Before I conclude, I want to ask the Minister to confirm that clubs that have previously been granted permission to open, including another club in Stourbridge-Stourbridge appears to be becoming the lap-dancing Mecca of the midlands-will be subject to the legislation in the same way as new clubs. Permission in that case was granted more than a year ago. The club has done nothing about it, but it is now in the process of starting up. The owners believe that they will not be subject to the legislation. I want to make it clear that I believe that they will be, and I would like the Minister to confirm that for me.
In conclusion, the campaign to stop lap-dancing clubs being licensed in the same way as cafés has played an important role in drawing public and Government attention to a deeply disturbing trend in British society: that of women and girls being portrayed as dehumanised sex objects. Lap dancing is just one manifestation of that culture. The United Nations Committee on the Elimination of Discrimination against Women has recognised that a culture of treating women as sex objects fuels violence against women. The UK is a signatory to the UN convention and is in the process of forming a cross-Government strategy on violence against women, so this legislation is an important step towards bringing our policy together in this area. It is crucial, however, that the Government recognise that these reforms to the licensing of lap-dancing clubs represent a good step, but only a first step, towards achieving the much broader goal of ending the sexual objectification-that word is hard to say-of women and, ultimately, violence against women. I urge Ministers to ensure that issues such as lap dancing and the media representation of women are central to the cross-Government strategy to end violence against women once and for all.
Despite my reservations on strict liability, I also welcome these amendments. The phrase "engaged in exploitative conduct" in the amendment will give greater clarity to the interpretation of the law. I would have preferred it if the legislation could have included a definition of trafficking based on international definitions, but I think that we will revisit that some time in the future.
I welcome the amendments that deal with brothels, but I urge the police, local authorities and others to use clear judgment in the exercise of these powers, as they might well be putting women at risk in exercising them. We have heard how women working in brothels are, at least in some instances, more secure than those working on the streets. In fact, the figures show that women working on the streets are 10 times more vulnerable to attack than women working together in a unit.
I pay tribute to those who have enabled these amendments to be shaped, and who have encouraged a wide and open debate on these issues. I became involved in this issue more than 25 years ago, when I was a member of the Greater London council. At the time, I was involved in working with the English Collective of Prostitutes and dealing with issues around King's Cross. I also hosted the first Safety First Coalition meetings after the Ipswich murders. Those meetings were held in this House. As a result of the Government listening to the debates involving those organisations, we have now arrived at some amelioration of this legislation.

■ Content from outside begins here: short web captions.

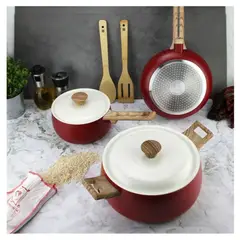 ICHIMATSU - JUEGO DE OLLAS X 7 PIEZAS ALUMINIO CON TAPAS BLANCAS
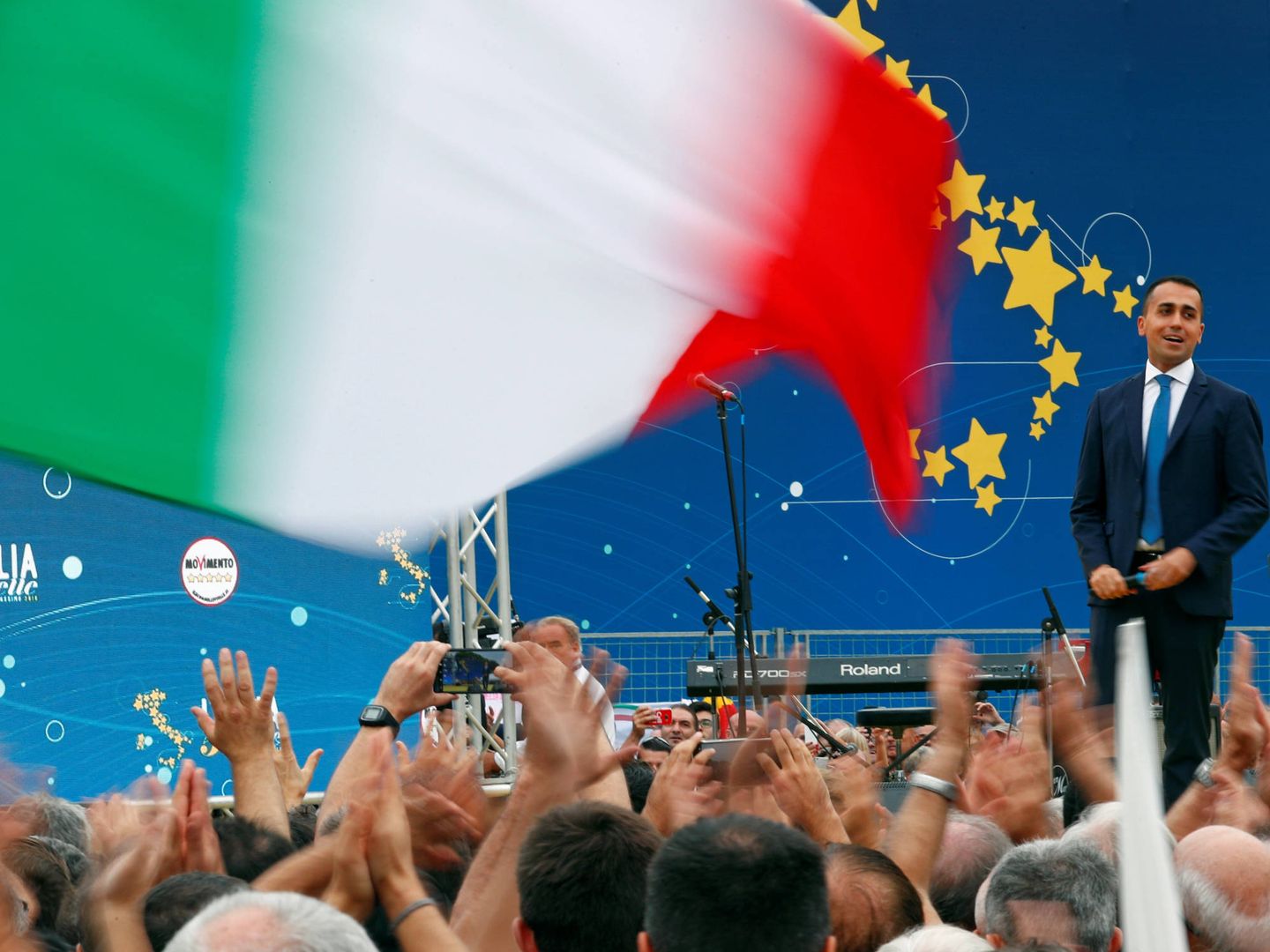 Luigi Di Maio, durante un evento del M5S en el Circo Masimo de Roma, el 21 de octubre de 2018. (Reuters)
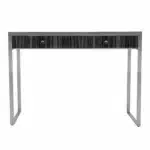 HMS 42" Extendable Silver MFC Writing Desk with Two Drawers for Living Room Workshop Warehouse Supermarket Villa Easy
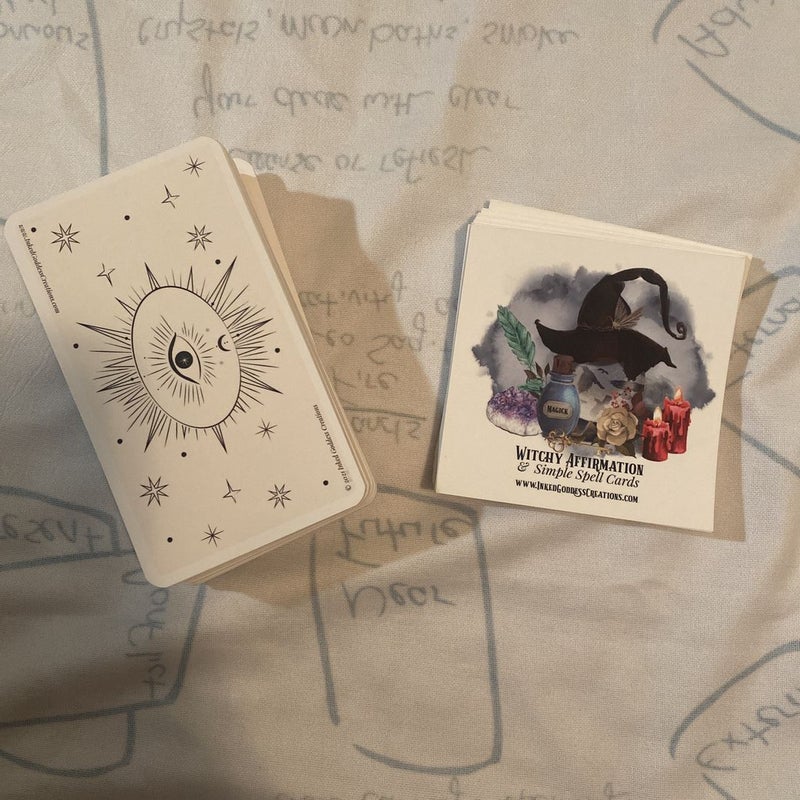 Inked Goddess Creations color your own tarot & Witch Affirmation & Simple Spell Cards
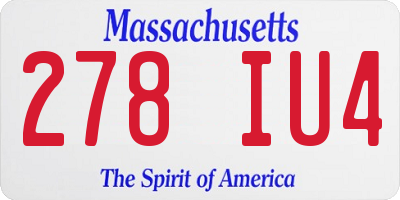 MA license plate 278IU4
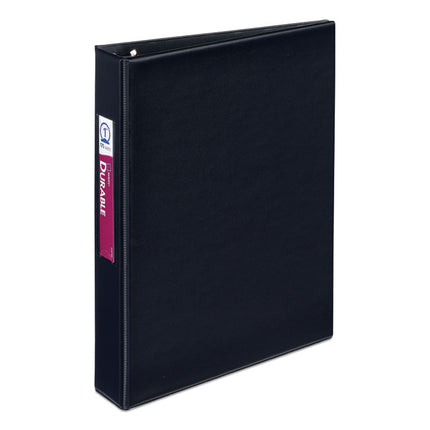 Mini Size Durable Non-View Binder With Round Rings, 3 Rings, 1" Capacity, 8.5 X 5.5, Black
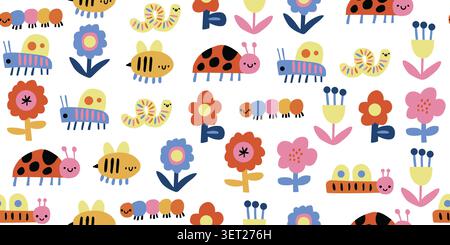 Seamless insect and floral pattern with bees, grasshoppers, ladybugs, caterpillars, and Scandinavian cutout flowers on a white background, playful spring and summer repeat design for kids fabric, nursery wallpaper, baby textiles, wrapping paper, scrapbook paper, and cheerful children decor. Vector illustration Stock Vector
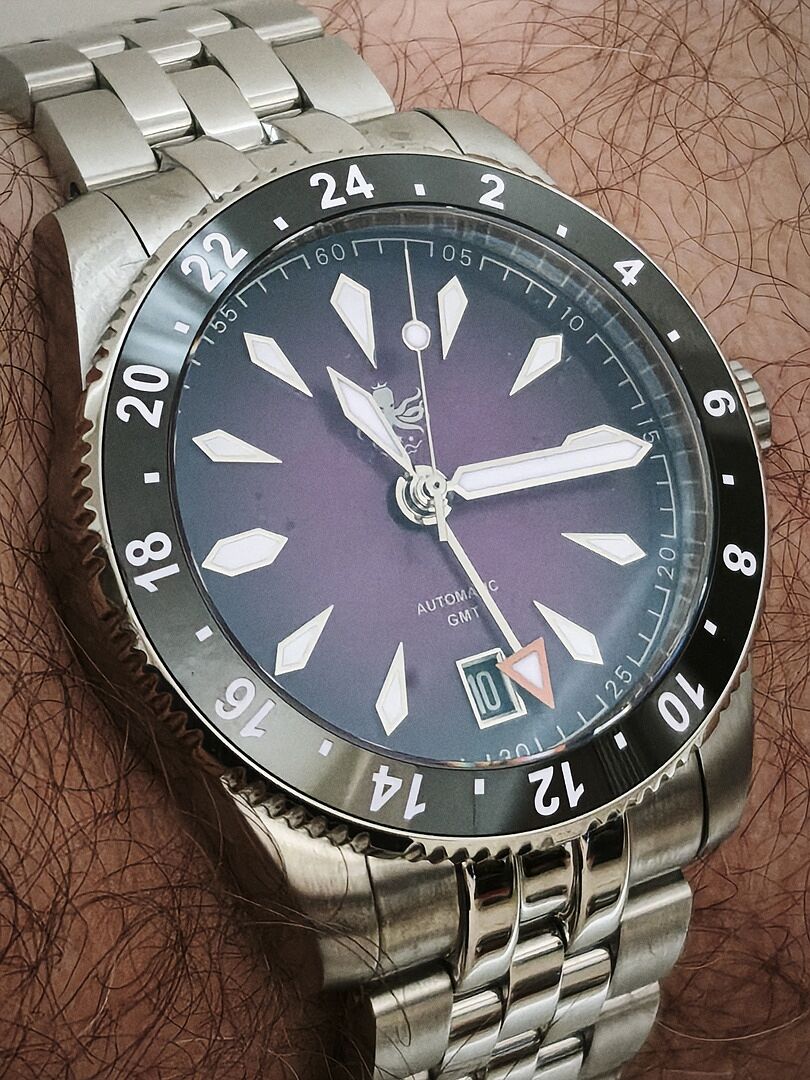 PHOIBOS Voyager GMT 100M Automatic Diver Watch PY058H Royal Purple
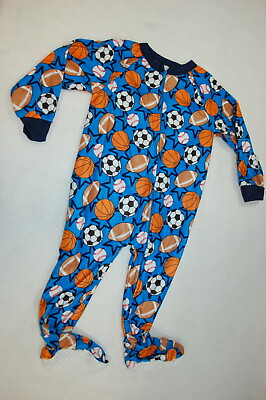 #ad Toddler Boys Pajamas BLUE L S FLANNEL SLEEPER Footed SPORTS BALLS Zip Front 2T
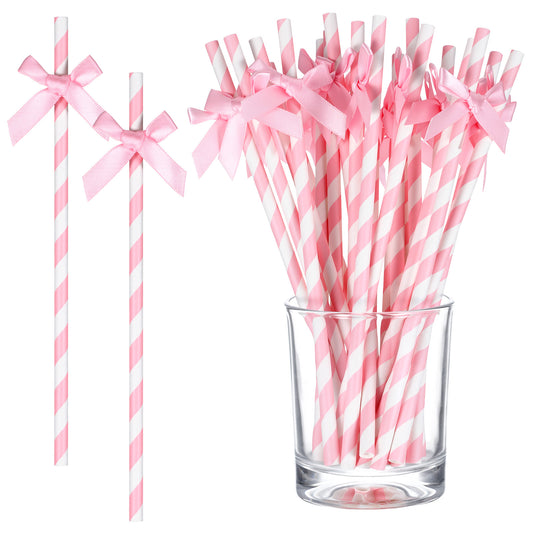 30pcs Pink Bow Straw, 7.7inch Pink Paper Straws, Disposable Cute Paper Straw, Wedding, Picnic, Birthday, Party Supplies for Juice Coffee Tea Cocktail Milkshake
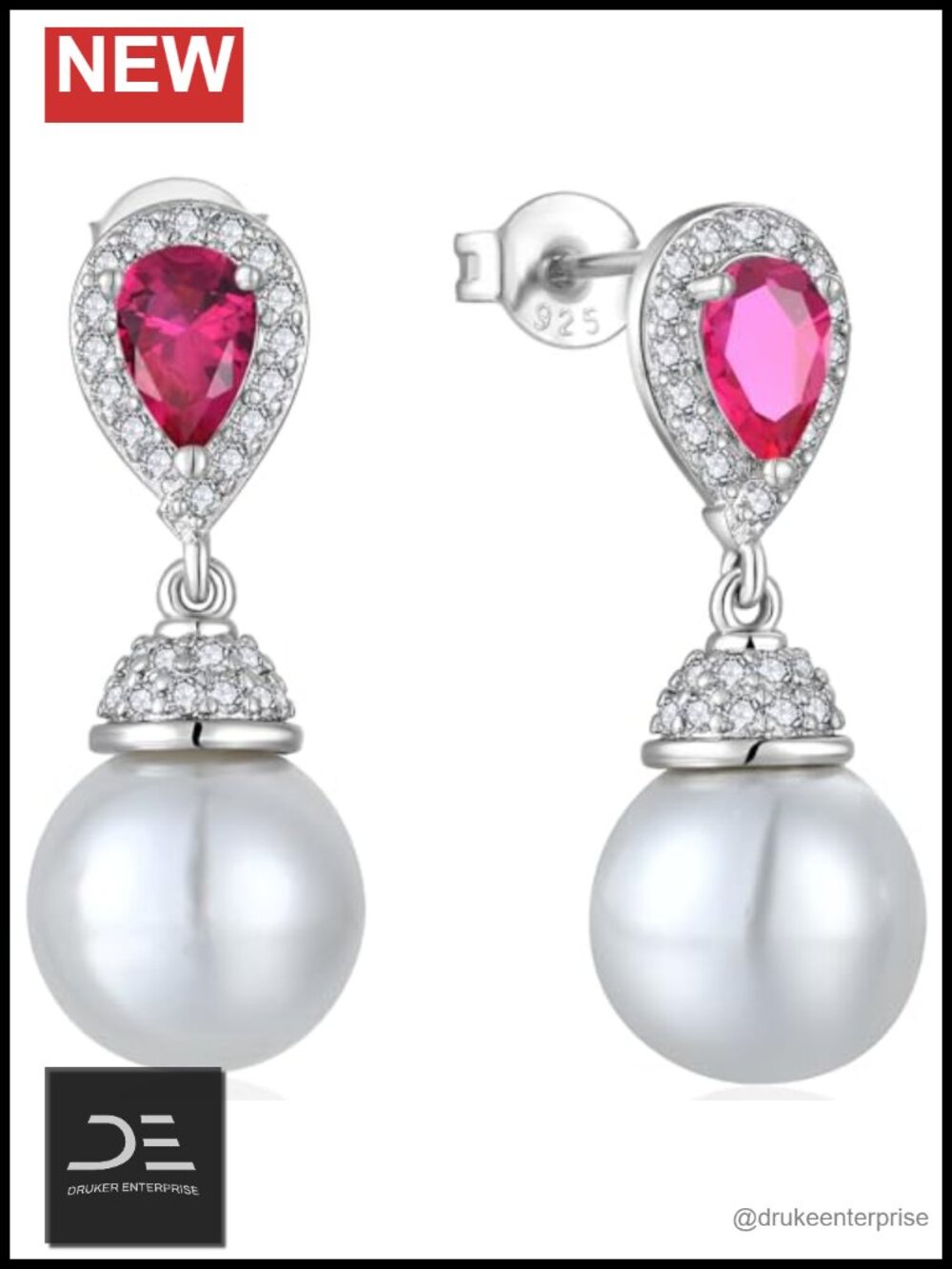 Sterling Silver Pearl Drop Earrings Cubic Zirconia Teardrop Bridal Wedding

I should like to place on record my tribute to the English Collective of Prostitutes, the Royal College of Nursing, the National Association of Probation Officers, the National Federation of Women's Institutes, the GMB sex workers branch and the Zaccheus Christian trust, all of which were members of the Safety First Coalition, and all of which have briefed Members of Parliament extensively and worked hard to secure these amendments.
I am sure that we shall revisit and review this issue in the years to come, but one issue that is reflected in the amendments is the fact that some women enter into sex work by choice. Whatever people may think about that, some women do-others do not do it through choice, however. I hope that the debate can now move on, so that we can focus more clearly on why women enter sex work other than through choice. The issues include how we tackle poverty and drug dependency, as well as mental illness and the vestiges of the implications of child abuse. Let us now look more thoroughly at the development of Government policy in those areas so that we can tackle the issue of forced prostitution. As I have said, I welcome these amendments, and I am grateful to the Government for listening to the stage of the debate that was encouraged by the coalition.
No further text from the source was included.